In the summer of 1985, Zakeri was excited to go to the movies with his family in Overland Park, Kan. — mostly because of the popcorn. When the lights dimmed in the theater, he soon became engrossed in “The Goonies,” which features a group of kids trying to protect one of their family’s homes from foreclosure. After finding an ancient map, the children search for treasure.

During the nearly two-hour viewing, Zakeri related to protagonist Mikey Walsh’s leadership skills. He memorized Walsh’s marquee dialogue, including when he told his friends “Goonies never say die.”

Afterward, Zakeri asked neighbors whether he could search their basements in hopes of locating a secret tunnel leading to treasure. The movie characters’ drive to unearth valuables motivated Zakeri to earn money for his Nintendo games by shoveling snow, mowing lawns and working as a grocery clerk.

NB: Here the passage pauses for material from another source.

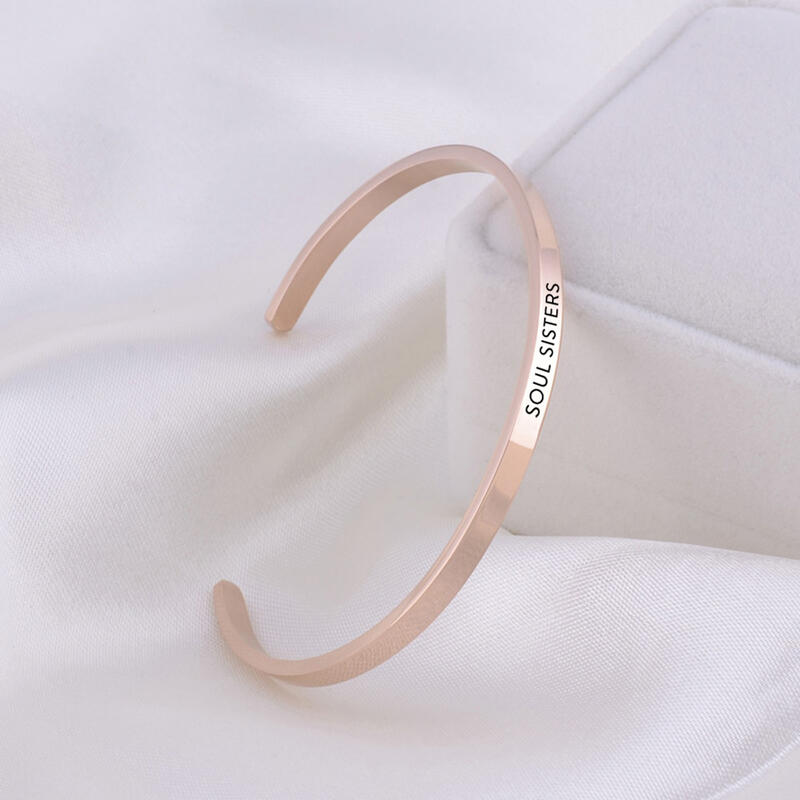 "Les Meilleurs Souvenirs" Bracelet Jonc Prénom Ouvert Personnalisé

In the movie, Walsh discovers a Lou Gehrig baseball card after stumbling upon a skeleton during the treasure hunt. At 14, Zakeri said, he helped sell baseball cards at a store. He now manages a card company, Collector’s Cache and other businesses related to “The Goonies.”

One of them, We Buy Gold, deals in gold, silver and platinum jewelry — items Zakeri equates to the movie’s treasure. He also manages an escape-room company, which Zakeri compared to the group navigating caverns in the film.

“Having that relentless pursuit for success, in the case of the movie, it’s finding One-Eyed Willy’s treasure,” Zakeri said. “In business, it’s not going out of business, making money and paying the bills. I applied the same principles in business.”

In 2013, Zakeri attended a friend’s birthday party in Portland, Ore., and learned that the “Goonies” house wasn’t far away. He and a friend drove nearly 100 miles to take pictures in front of the residence, which was built around 1896 and sits near the Pacific Ocean.

Zakeri also toured the two-story home in June 2015, when he visited for the film’s 30th anniversary. He was ecstatic to climb into the attic and sit in the living room.

“Hey, if you ever sell this thing, I’d love to buy it,” Zakeri said he told the owner, Sandi Preston, who bought the property in 2001.

“Yeah, you and a million other Goonies,” Zakeri recalled Preston saying.

When the house went on the market in November, Zakeri’s friends showed him the posting within minutes. Zakeri said he messaged Preston: “Remember me? I’m going to make a run at this thing.”

Zakeri called real estate agent Jordan Miller that day and explained his passion for “The Goonies.” Zakeri called Miller almost every day over the next week for updates. On Nov. 23, six days after their initial call, Zakeri’s phone rang.

“Check your inbox,” he recalled Miller saying. “You’re officially under contract for the ‘Goonies’ house.”

With family at his Overland Park house for Thanksgiving, Zakeri said, he threw his phone across the living room, screamed and jumped on his furniture.

“I’m 8 years old again,” Zakeri said.

“I couldn’t really imagine much better of a buyer,” Miller said. “There’s been concerns about, ‘Oh, is some big company going to come in and buy it, change a bunch of stuff or try to make money off the house?’ That’s not his vision whatsoever.”

Recognizing the film’s themes of companionship, Michael Eakin, Zakeri’s childhood friend, purchased a house next door to the “Goonies” home. While Zakeri and his wife, Liz, will primarily live in Kansas, he intends to redecorate the “Goonies” house as it appeared in the movie.

That includes installing a zip line like the one Richard “Data” Wang rode in the movie and painting dark-red trim on the home’s exterior. In the basement, he may build a wax statue of Steven Spielberg, who wrote the film’s story. He hasn’t cemented arrangements, but Zakeri said he wants the house to be a gathering spot for fans.

“I’m just super excited to try to be the best I can be for the ‘Goonies’ community,” he said.